Lenten Sermon at the Mercer’s Hall:
Then, I was on a bus again making my way to Bank for a rather interesting interlude with a Benedictine monk who would be preaching a Lenten sermon in the imposing and quite gorgeous Mercer’s Hall on Ironmonger’s Lane at Cheapside. My friend Michael is a Chaplain to the Mercers who, he explained, were wool merchants. The Worshipful Company of Mercers has their London headquarters at Cheapside and are among the rare companies whose premises actually contains a chapel inside it.
It was just before the service that I met my dear friend Loulou who was also invited to join the service by the Colcloughs. How happy I was to see Loulou again! I introduced her to Cynthia who had saved three seats for us and for the next hour or so I gave myself up to the wonderful choir, the stirring readings, the excellent sermon preached by a Catholic clergyman in an Anglican chapel and to the pomp and pageantry that characterize such events in a setting that was little short of sumptuous.

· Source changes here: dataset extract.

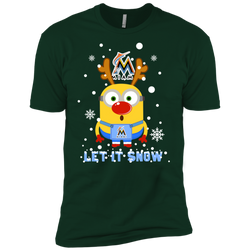 Minion Miami Marlins Ugly Christmas Sweaters Let It Snow Men's Sleeve Shirt - The White Eagles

The hour long service was followed by a wine and snack reception during which I introduced Michael to Loulou. He pulled me aside to show me a wonderful sculpture of the Dead Christ that had recently been discovered deep in the bowels of the building and which probably precedes the Reformation when it might have been concealed underground. It will be at the Tate Museum for a little while before finding a permanent place in the Mercer’s Hall. Meanwhile, drinks did the rounds—I opted for a glass of sherry as the sandwiches and “things on sticks” were offered by wait staff. We had to leave before the desserts appeared, however, as Loulou and I had theater plans and we did not wish to be late.
The Judas Kiss at the West End with Loulou:
So off we went on the Tube to the Duke of York Theater in the West End to see yet another drama—The Judas Kiss by David Hare, based on the life of Oscar Wilde and his clandestine homosexual relationship with the very young Lord Alfred Douglas known as Bosie. I had chosen to see this play as I have a soft corner for Rupert Everet who played Wilde. I had seen Everet on stage before, several years ago, in The Importance of Being Ernest also by Oscar Wilde, so it was great to actually see him play Wilde. Having said that, I must also state that I had difficulty recognizing him—he was made to put on enormous weight for the role. The play is a sad commentary on the hypocrisy that surrounded homosexuality in the 19th century in the UK and the terrible discrimination to which Wilde was subjected simply because he did not possess a peerage in the way that Bosie did. What I did not expect, however, was the stark male nudity on stage that would probably not be acceptable in the States. Young gorgeous bodies cavorted about without the slightest self-consciousness and yet it appeared perfectly natural within the context of the script.
As in the case of Rosemary, so too with Loulou—we simply had to get somewhere after the play to sit and chat. We chose Café La Rocha, another little French café right opposite the theater and there we enjoyed a cappuccino as we brought the curtain down on a lovely evening with similar promises to get together again soon.